Um Novo Jogo (março de 2023)

Sarah, uma vizinha professora aposentada, viu John escorregando e bateu em março de 2023, cutucando-o para tentar pickleball no centro recreativo. Exausto de uma maratona de Fortnite, John achou que era chato, mas foi, entorpecido demais para discutir. Com 6 m e 1 kg, ele se sentia deslocado entre jogadores mais em forma. Seu primeiro jogo foi difícil — não conseguia se mexer, os joelhos doíam, estava sem fôlego. rápidoEle quase saiu, mas o empurrão de Sarah e as risadas fáceis do grupo o mantiveram ali. A quadra pequena e o ritmo mais lento do Pickleball pareciam factíveis, e as brincadeiras entre os pontos despertaram uma conexão que ele sentia falta.

O Caminho para o Equilíbrio

Primeiros dias (março a agosto de 2023)

O início de John foi instável. O diabetes o esgotava, e a vontade de jogar criptojogos o perseguia.
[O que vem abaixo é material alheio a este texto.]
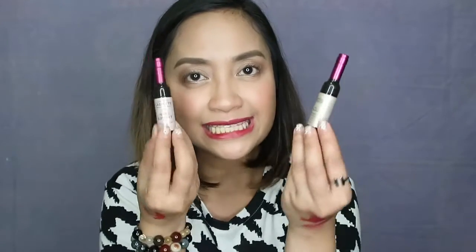Hi everyone! Welcome back to my channel and you're watching Pauline's Vanity Creme. Today's video is a comparison video. So, what are we comparing? I'll be comparing two wine lip tints. To know more about this, please do keep on watching.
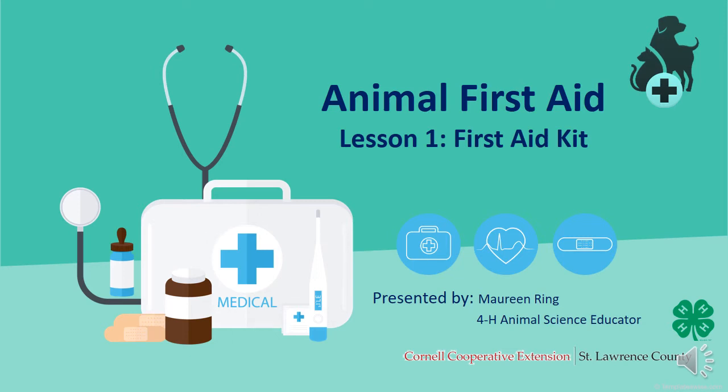Animal First Aid, Lesson 1: First Aid Kit, presented by Maureen Ring, 4-H Animal Science Educator with Cornell Cooperative Extension of St. Lawrence County and 4-H.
Ele jogava por 10 minutos, depois desabava, comia hambúrgueres por estresse em busca de doses antigas de dopamina e conferia o CoinGecko no meio do jogo. "Eu ficava conferindo os preços às escondidas como um viciado escondendo um frasco". Pequenos passos o fizeram avançar:

  • Jogado duas vezes por semana, reduzindo o tempo de tela.

  • Juntou-se a um diabetes grupo via Sarah, aprendendo mudanças na dieta.
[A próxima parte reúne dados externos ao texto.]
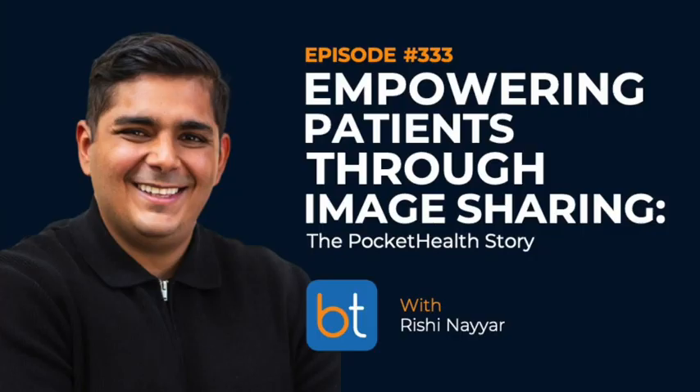Everything good at Pocket Health has followed from that intuition. Most of the work is execution — proper execution, being patient focused, making sure you're taking the right risks but not risking yourself too quickly, even when you choose to raise money. But at the end of the day, it's all just like literally everything was solved from putting the patient at the center and building an experience that was easy for them to sign up, easy to view their images, easy to view their reports, and then share with their physician in a way that their physician would actually accept.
  • Troquei Monster por água, fast food por frango e verduras.

Em agosto de 2023, John atingiu 305 kg. Seu nível de açúcar no sangue se estabilizou um pouco e ele pôde jogar por mais tempo. A equipe de pickleball se tornou sua âncora, incentivando-o, convidando-o para sair, enxergando-o como mais do que um perdedor de moedas de meme.
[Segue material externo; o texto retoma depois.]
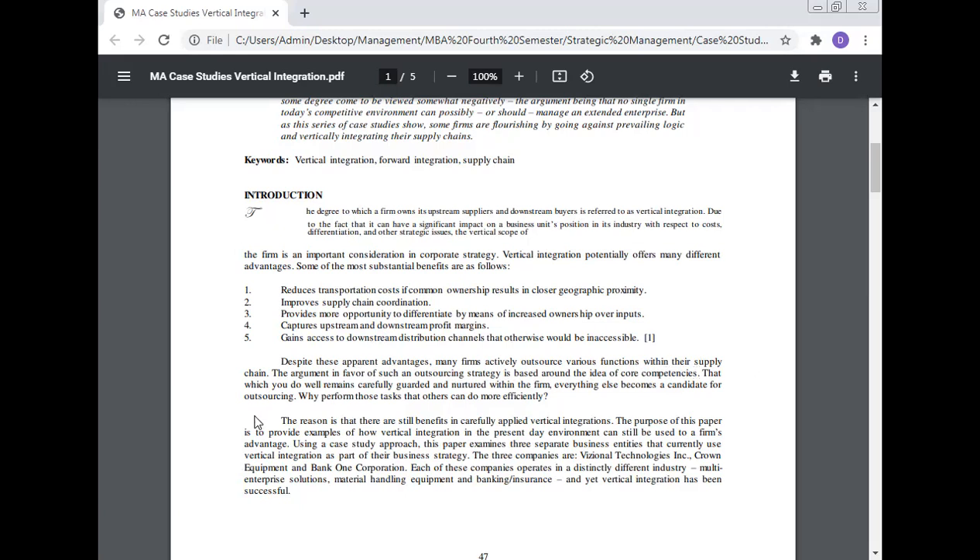Despite these apparent advantages, many firms actively outsource various functions within their supply chain. The argument in favor of outsourcing is based around the idea of core competency — that which you do well remains carefully guarded and nurtured within the firm; everything else becomes a candidate for outsourcing. Why perform tasks that others can do more efficiently? The reason is that there are still benefits in carefully applied vertical integration. The purpose of this paper is to provide examples of how vertical integration can still be used to a firm's advantage, examining three separate business entities using a case study approach.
Criando Momentum (setembro de 2023 a junho de 2024)

John se dedicou ao pickleball, trocando as melhores performances nas telas por vibrações nas quadras. Ele jogava de 3 a 4 dias por semana, participando de torneios locais, brocas aprimorando sua estratégia como quebra-cabeças de codificação. O exercício reprogramou sua dopamina, e a ciência diz que ela pode substituir a descarga do vício. Ele conseguiu sapatos, esticado para aliviar as articulações.

A nutrição foi reiniciada com a ajuda de uma nutricionista:

  • Alimentos integrais: frango, vegetais, quinoa, nozes.

  • Wraps preparados, abandonou os drive-thrus.

  • Troquei lanches açucarados por frutas e monitorei carboidratos para diabetes.

Em junho de 2024, John pesava 270 kg, e seu A1C caiu de 9.2% para 7.8%. A terapia ajudou a desfazer seus erros com criptomoedas, e a comunidade de pickleball o animou. Ele treinou novos jogadores, encontrando um propósito. "O pickleball me mostrou que eu podia vencer em algo real", disse ele.

Uma vida criptográfica mais saudável (julho de 2024 a março de 2025)

Em março de 2025, John estava transformado. Com 230 quilos e quase 100 quilos a menos, seu diabetes era controlado com remédios e muita dedicação. Ele jogava pickleball 5 dias por semana, dominando torneios regionais e se movimentando com facilidade. Treinos na academia e caminhadas aumentavam sua força.

Sua confiança aumentou:

  • Reconectado com amigos fantasmas.

  • Iniciado namoro, não se escondendo mais dos espelhos.

  • Voltei para as criptomoedas, mas de forma mais inteligente — pesquisando projetos DeFi e NFT com impacto no mundo real, como empréstimos descentralizados ou plataformas de arte para criadores.

O Pickleball o manteve com os pés no chão. John administrou clínicas gratuitas, pressionou por mais quadras, tornou-se um herói local. Ele voltou às criptomoedas com propósito, não por desespero, concentrando-se em projetos como uma plataforma DeFi fictícia baseada em Solana para pequenas empresas. "Criptomoedas são incríveis quando você escolhe projetos que importam." "O Pickleball me ensinou a priorizar minha saúde, para que eu não me perca novamente."